Combined and quantized models for WanVideo, originating from here:
https://huggingface.co/Wan-AI/
Can be used with: https://github.com/kijai/ComfyUI-WanVideoWrapper and ComfyUI native WanVideo nodes.
Other model sources:
TinyVAE from https://github.com/madebyollin/taehv
SkyReels: https://huggingface.co/collections/Skywork/skyreels-v2-6801b1b93df627d441d0d0d9
WanVideoFun: https://huggingface.co/collections/alibaba-pai/wan21-fun-v11-680f514c89fe7b4df9d44f17
CausVid 14B: https://huggingface.co/lightx2v/Wan2.1-T2V-14B-CausVid
CausVid 1.3B: https://huggingface.co/tianweiy/CausVid
AccVideo: https://huggingface.co/aejion/AccVideo-WanX-T2V-14B
Phantom: https://huggingface.co/bytedance-research/Phantom
ATI: https://huggingface.co/bytedance-research/ATI
CausVid LoRAs are experimental extractions from the CausVid finetunes, the aim with them is to benefit from the distillation in CausVid, rather than any actual causal inference.

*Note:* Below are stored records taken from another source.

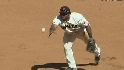 Sandoval's diving stop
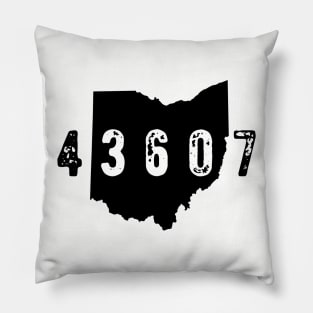 43607 zip code Toledo Ohio Pillow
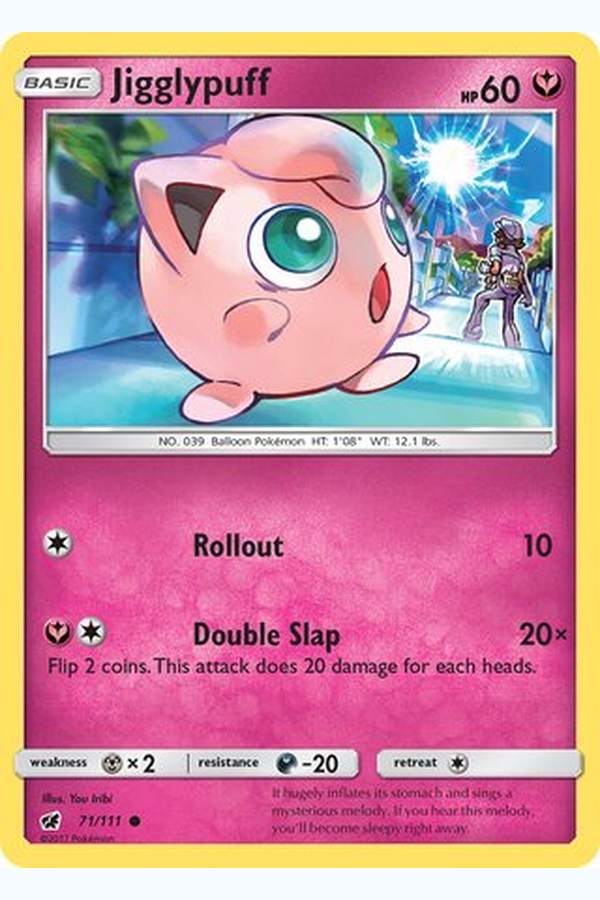 071/111 Jigglypuff - Common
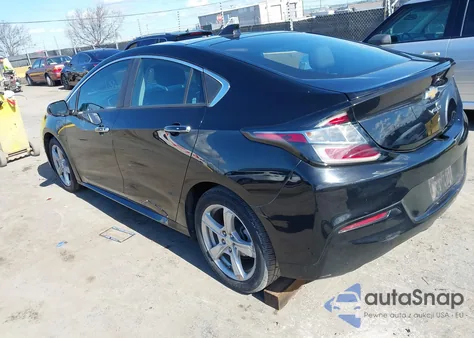 2017 Chevrolet Volt Lt from USA, damaged, VIN 1G1RC6S55HU176176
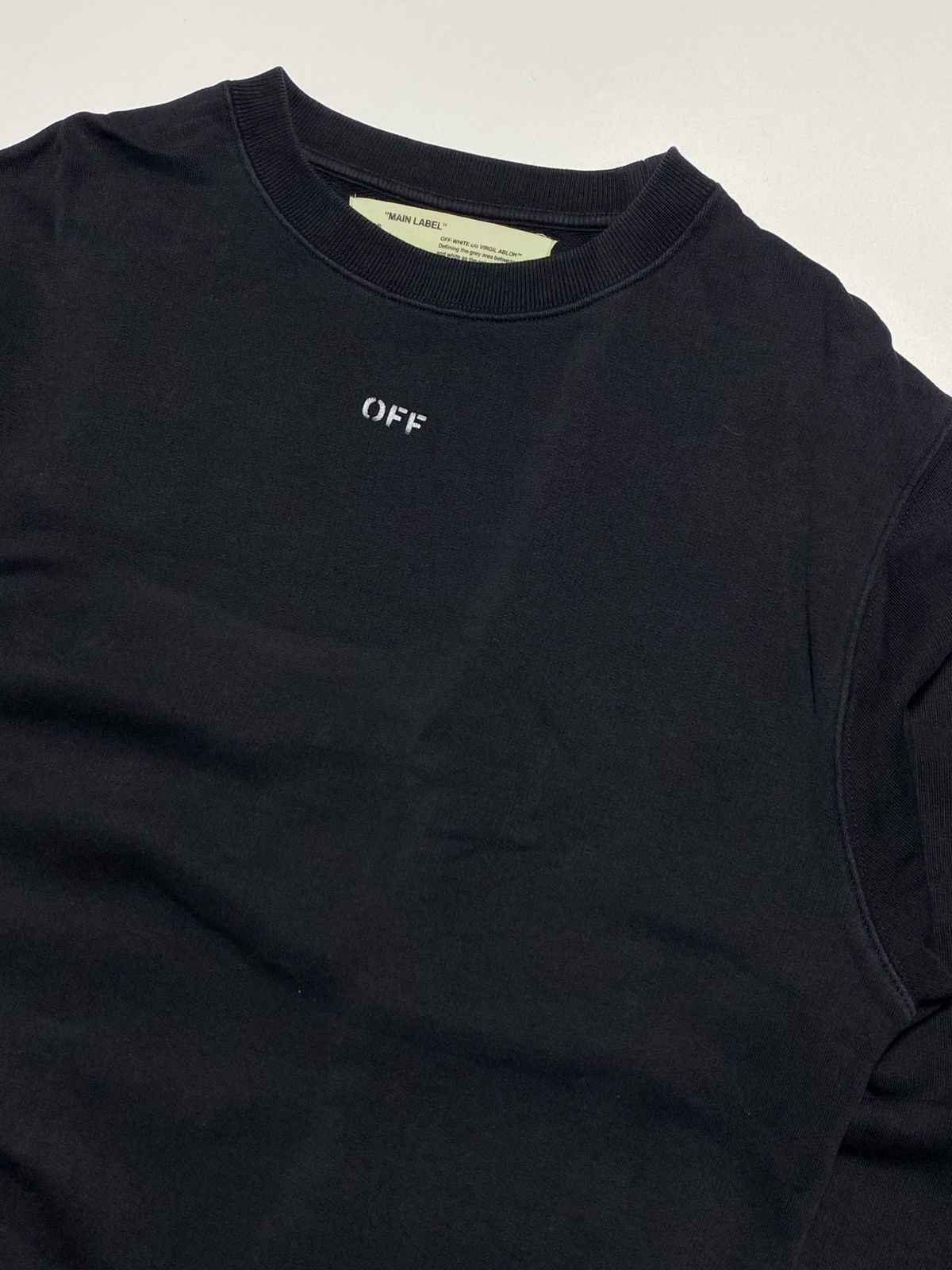 Off-White Off White - Seeing Things Sweatshirt Size US M / EU 48-50 / 2 - 13 Thumbnail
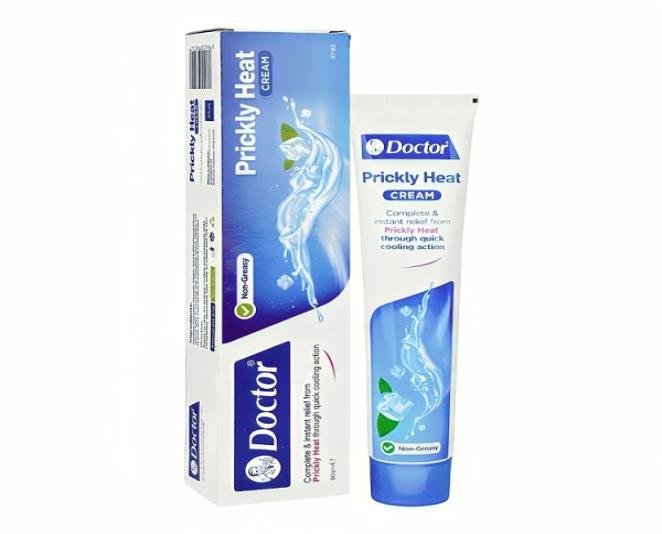 Doctor Prickly Heat Cream In Pakistan - Image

v1 = direct extraction, has adverse effects on motion and introduces flashing artifact at full strength.
v1.5 = same as above, but without the first block which fixes the flashing at full strength.
v2 = further pruned version with only attention layers and no first block, fixes flashing and retains motion better, needs more steps and can also benefit from cfg.